Stored records:
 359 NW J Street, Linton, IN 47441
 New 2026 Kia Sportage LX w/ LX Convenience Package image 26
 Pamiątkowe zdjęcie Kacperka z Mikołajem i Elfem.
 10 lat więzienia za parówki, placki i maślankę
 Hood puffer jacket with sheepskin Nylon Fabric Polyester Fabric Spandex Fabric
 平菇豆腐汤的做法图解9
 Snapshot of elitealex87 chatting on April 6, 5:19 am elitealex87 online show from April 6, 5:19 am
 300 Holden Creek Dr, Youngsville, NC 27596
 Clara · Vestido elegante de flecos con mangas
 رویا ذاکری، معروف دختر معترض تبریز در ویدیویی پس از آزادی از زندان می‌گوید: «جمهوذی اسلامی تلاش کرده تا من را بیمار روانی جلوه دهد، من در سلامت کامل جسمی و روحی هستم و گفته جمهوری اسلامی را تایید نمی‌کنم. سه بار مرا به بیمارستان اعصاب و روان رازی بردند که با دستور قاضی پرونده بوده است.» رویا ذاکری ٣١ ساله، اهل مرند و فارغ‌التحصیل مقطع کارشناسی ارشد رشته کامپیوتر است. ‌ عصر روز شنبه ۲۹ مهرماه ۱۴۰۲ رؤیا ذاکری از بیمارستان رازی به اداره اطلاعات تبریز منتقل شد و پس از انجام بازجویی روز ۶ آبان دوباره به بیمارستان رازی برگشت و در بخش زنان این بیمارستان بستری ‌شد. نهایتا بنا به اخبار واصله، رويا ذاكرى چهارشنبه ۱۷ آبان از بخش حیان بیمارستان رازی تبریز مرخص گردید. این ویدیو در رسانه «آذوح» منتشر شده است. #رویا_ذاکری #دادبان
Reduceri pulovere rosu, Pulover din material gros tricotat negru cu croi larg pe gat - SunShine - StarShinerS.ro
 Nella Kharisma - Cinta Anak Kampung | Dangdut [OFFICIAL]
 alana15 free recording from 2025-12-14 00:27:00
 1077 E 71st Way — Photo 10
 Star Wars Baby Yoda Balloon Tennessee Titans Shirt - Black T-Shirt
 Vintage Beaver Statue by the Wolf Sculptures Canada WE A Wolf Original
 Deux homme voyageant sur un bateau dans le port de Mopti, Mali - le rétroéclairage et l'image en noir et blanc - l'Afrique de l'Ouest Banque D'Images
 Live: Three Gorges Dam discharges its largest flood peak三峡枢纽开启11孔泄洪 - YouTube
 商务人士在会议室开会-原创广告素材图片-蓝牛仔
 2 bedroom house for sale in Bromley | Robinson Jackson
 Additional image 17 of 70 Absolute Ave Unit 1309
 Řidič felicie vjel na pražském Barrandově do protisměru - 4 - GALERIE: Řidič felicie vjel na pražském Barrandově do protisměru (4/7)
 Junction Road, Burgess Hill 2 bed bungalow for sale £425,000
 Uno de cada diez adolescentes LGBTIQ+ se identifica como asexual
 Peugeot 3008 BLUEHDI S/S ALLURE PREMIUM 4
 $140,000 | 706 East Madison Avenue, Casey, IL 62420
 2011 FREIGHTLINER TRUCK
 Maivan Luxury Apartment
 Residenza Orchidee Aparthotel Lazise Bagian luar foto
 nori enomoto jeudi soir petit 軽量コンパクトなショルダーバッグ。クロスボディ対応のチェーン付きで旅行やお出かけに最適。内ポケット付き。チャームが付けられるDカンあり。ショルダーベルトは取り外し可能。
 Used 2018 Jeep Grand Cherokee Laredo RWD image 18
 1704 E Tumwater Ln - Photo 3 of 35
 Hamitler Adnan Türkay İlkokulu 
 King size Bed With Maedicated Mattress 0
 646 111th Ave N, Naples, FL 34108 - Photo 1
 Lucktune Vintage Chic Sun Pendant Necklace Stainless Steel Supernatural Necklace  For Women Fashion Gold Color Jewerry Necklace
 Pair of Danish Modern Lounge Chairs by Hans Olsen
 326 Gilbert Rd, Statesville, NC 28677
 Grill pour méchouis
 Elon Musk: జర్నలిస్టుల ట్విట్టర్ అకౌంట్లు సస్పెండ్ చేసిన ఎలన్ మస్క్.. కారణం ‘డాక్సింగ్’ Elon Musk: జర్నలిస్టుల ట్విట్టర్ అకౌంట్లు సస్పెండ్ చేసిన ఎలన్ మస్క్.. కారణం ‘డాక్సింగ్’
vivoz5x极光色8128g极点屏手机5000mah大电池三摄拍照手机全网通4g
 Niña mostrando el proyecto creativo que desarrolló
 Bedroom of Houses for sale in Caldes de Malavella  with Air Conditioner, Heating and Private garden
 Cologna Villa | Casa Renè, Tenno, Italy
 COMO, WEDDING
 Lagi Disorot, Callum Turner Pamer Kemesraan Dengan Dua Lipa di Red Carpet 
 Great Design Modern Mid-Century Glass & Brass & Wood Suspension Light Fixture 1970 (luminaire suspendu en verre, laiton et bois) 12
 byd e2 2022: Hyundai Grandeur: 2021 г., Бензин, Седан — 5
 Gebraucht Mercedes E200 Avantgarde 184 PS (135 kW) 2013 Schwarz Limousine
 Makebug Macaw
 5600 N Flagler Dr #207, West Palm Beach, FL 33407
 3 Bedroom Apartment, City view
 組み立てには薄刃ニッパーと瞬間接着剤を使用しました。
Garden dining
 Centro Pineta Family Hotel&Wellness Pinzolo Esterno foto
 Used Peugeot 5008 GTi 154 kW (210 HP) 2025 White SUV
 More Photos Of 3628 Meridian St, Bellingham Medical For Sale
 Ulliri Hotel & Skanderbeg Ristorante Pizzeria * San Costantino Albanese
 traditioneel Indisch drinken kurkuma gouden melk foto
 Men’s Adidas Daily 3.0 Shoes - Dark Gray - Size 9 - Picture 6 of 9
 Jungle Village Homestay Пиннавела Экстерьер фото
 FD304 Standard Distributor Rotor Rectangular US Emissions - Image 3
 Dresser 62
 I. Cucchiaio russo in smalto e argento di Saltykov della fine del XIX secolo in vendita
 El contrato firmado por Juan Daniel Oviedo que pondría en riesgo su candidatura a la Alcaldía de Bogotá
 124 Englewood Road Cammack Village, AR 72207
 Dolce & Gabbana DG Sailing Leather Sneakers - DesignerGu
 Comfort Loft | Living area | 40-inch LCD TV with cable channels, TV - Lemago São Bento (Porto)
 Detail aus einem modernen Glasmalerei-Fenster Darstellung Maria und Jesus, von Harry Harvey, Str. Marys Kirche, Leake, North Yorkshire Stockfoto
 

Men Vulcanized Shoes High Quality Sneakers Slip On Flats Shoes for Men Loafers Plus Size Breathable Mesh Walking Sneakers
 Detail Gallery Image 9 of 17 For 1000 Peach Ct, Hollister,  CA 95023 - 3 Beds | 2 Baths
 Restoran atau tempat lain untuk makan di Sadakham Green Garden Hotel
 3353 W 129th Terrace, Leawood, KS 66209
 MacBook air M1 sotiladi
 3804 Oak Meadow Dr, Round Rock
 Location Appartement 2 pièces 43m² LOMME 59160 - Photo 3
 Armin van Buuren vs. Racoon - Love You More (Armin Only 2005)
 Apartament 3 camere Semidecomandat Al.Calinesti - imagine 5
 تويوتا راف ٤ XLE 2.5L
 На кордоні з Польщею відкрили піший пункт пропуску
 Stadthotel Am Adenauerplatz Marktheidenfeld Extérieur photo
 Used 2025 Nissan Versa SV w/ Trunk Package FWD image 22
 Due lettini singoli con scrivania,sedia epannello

#### [AIM OF THE EXERCISE]
Filter the records above for lines containing the word "Detail", and copy those lines.

#### [RESPONSE FOR THIS EXERCISE]
 Detail aus einem modernen Glasmalerei-Fenster Darstellung Maria und Jesus, von Harry Harvey, Str. Marys Kirche, Leake, North Yorkshire Stockfoto
 Detail Gallery Image 9 of 17 For 1000 Peach Ct, Hollister,  CA 95023 - 3 Beds | 2 Baths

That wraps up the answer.